WHAT YOU SHOULD DO
Omit all pictures. Copy exactly the lines from the line containing "Want to stay slim? Tie the knot!" to the end of the listing, with both ends included.

GIVEN INFORMATION

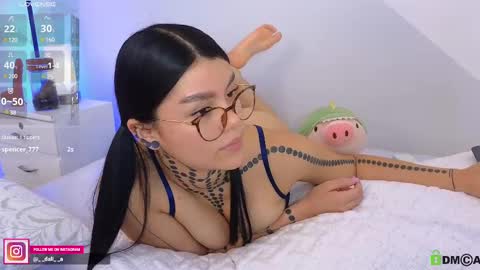 Dalia online show from February 2025 01:02:02 AM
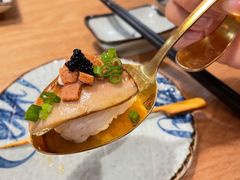 -西月山居匠心创意料理(江汉路新佳丽广场店)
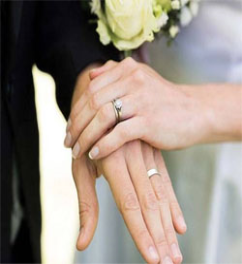 Want to stay slim? Tie the knot!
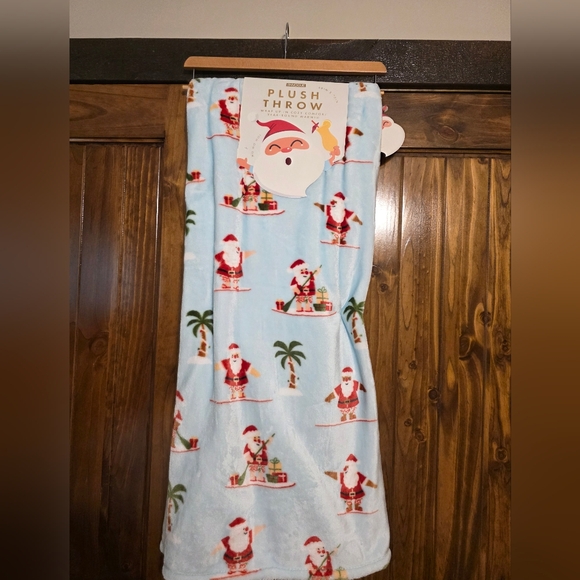 Tropical Santa Blanket-NWT - Picture 1 of 4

TASK SOLUTION
 Want to stay slim? Tie the knot!
 Tropical Santa Blanket-NWT - Picture 1 of 4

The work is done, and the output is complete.